**Record extracts:**
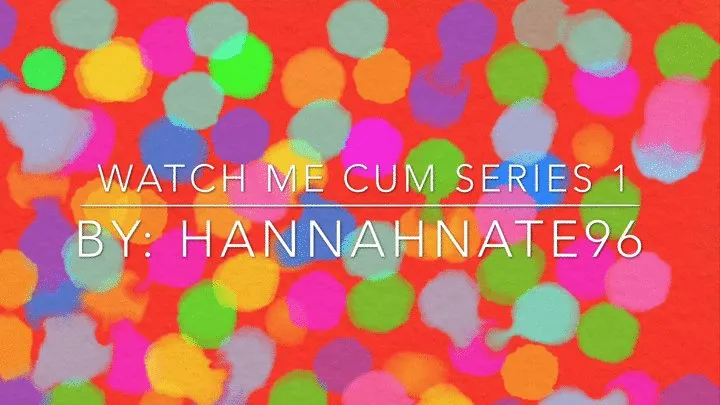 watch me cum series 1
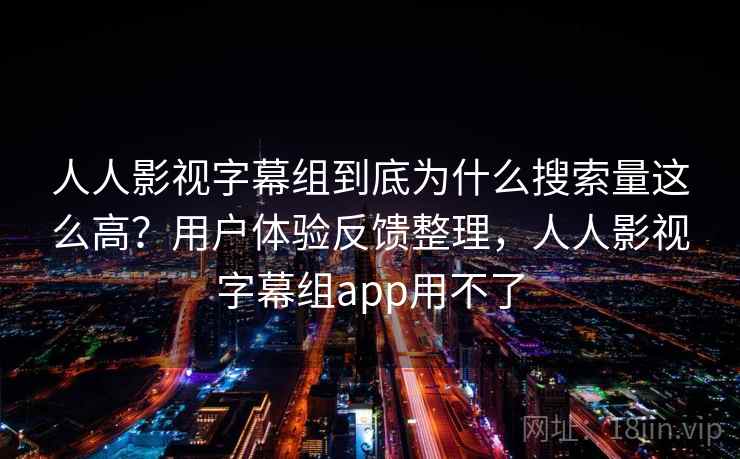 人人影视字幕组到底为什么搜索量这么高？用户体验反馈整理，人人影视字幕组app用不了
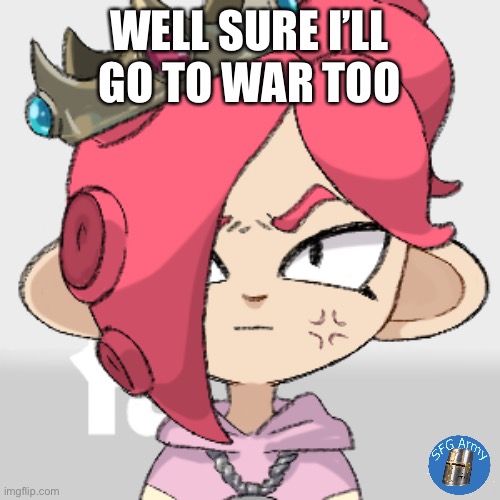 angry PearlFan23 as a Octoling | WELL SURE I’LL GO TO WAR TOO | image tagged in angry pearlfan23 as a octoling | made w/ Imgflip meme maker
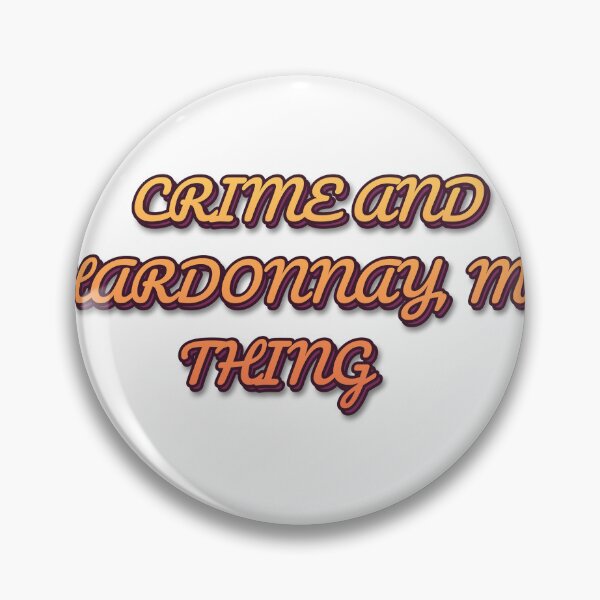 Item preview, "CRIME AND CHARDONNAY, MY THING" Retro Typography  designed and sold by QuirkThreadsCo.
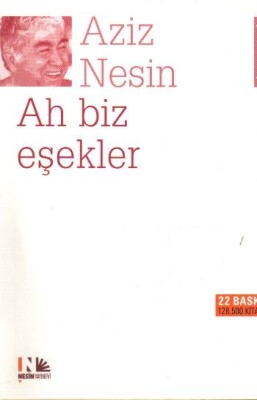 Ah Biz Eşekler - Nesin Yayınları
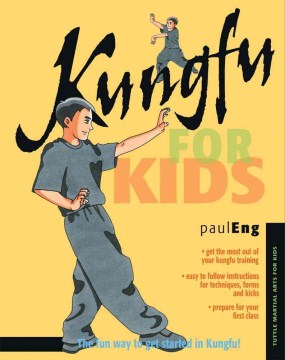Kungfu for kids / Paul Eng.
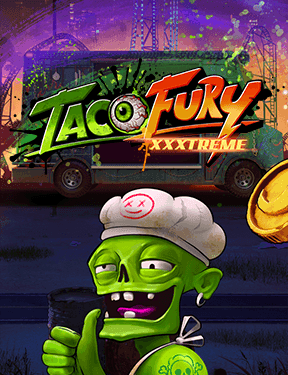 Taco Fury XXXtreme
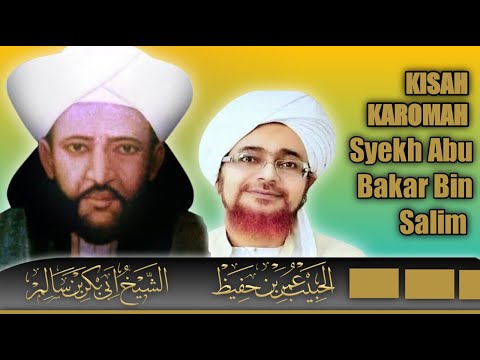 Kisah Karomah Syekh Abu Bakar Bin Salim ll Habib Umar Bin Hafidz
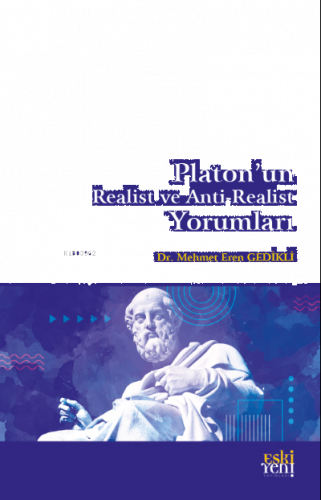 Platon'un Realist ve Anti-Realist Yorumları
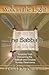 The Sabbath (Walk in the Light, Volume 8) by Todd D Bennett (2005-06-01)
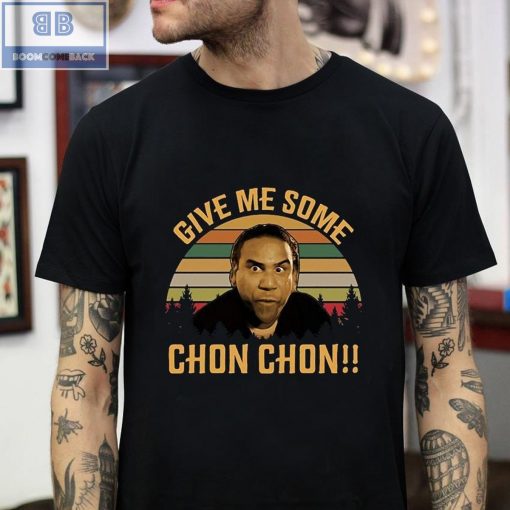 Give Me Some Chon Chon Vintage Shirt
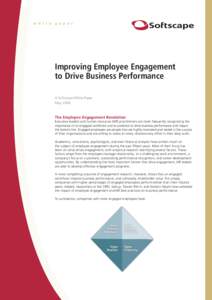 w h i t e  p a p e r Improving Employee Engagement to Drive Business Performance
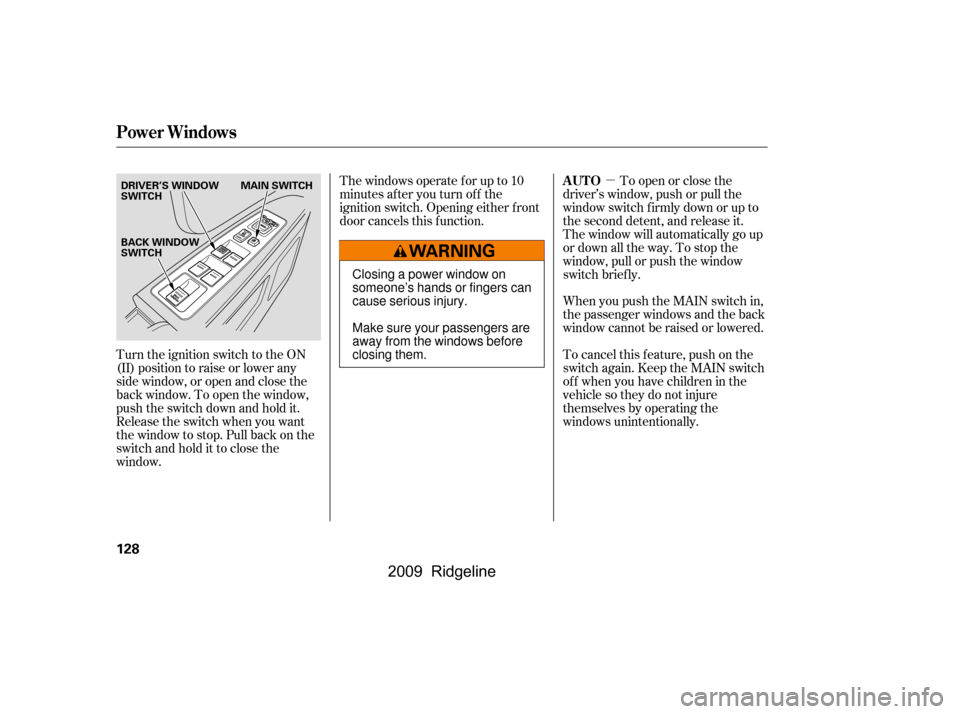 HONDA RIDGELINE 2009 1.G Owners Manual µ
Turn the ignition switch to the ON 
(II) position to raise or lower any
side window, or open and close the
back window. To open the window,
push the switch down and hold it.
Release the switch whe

**Task brief:** In the copy, include no pictures, but repeat the listing exactly.

**Result of the exercise:**
 watch me cum series 1
 人人影视字幕组到底为什么搜索量这么高？用户体验反馈整理，人人影视字幕组app用不了
 angry PearlFan23 as a Octoling | WELL SURE I’LL GO TO WAR TOO | image tagged in angry pearlfan23 as a octoling | made w/ Imgflip meme maker
 Item preview, "CRIME AND CHARDONNAY, MY THING" Retro Typography  designed and sold by QuirkThreadsCo.
 Ah Biz Eşekler - Nesin Yayınları
Kungfu for kids / Paul Eng.
 Taco Fury XXXtreme
 Kisah Karomah Syekh Abu Bakar Bin Salim ll Habib Umar Bin Hafidz
 Platon'un Realist ve Anti-Realist Yorumları
 The Sabbath (Walk in the Light, Volume 8) by Todd D Bennett (2005-06-01)
 Give Me Some Chon Chon Vintage Shirt
 w h i t e  p a p e r Improving Employee Engagement to Drive Business Performance
 HONDA RIDGELINE 2009 1.G Owners Manual µ
Turn the ignition switch to the ON 
(II) position to raise or lower any
side window, or open and close the
back window. To open the window,
push the switch down and hold it.
Release the switch whe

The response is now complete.